The surrounds are used to nice effect throughout the film and become particularly aggressive during more frenzied scenes. For a sample, skip to the end of the film and listen as Ghost leads the Viking horde along a snowy mountain path -- take note of the rear channels as they create a convincing series of echoes, wailing winds, and avalanche debris. The effect is immersive and all-encompassing. My only issue with the audio on this disc is that quieter scenes don't showcase nearly the same attention to detail as the action scenes. The acoustics of the makeshift huts are fairly boring and their interior ambiance is often neglected. Still, if you're looking for a film that'll deliver all-out ruckus in your home theater (and really, who among us isn't), you need look no further than this Blu-ray edition of 'Pathfinder.'
'Pathfinder' arrives on Blu-ray with all of the fluffy features found on the standard DVD that was released earlier this year.
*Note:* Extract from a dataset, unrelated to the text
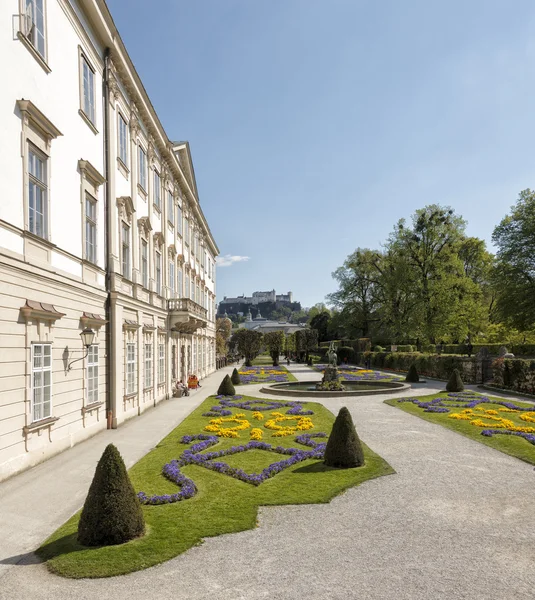 Mirabell park in Salzburg — Stock Photo, Image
Seeing as I didn't care all that much for the film itself, I had a hard time sitting through the onslaught of self-congratulatory opinions that pepper the supplemental material, but fans of the film may have an entirely different opinion.
Although the film itself didn't impress me in the least, this Blu-ray edition of 'Pathfinder' makes for a surprisingly strong disc, thanks to a striking video transfer, a robust DTS HD MA audio track, and a fairly decent smattering of supplements. Fans will be extremely pleased to see how well 'Pathfinder' has made the transition to high definition.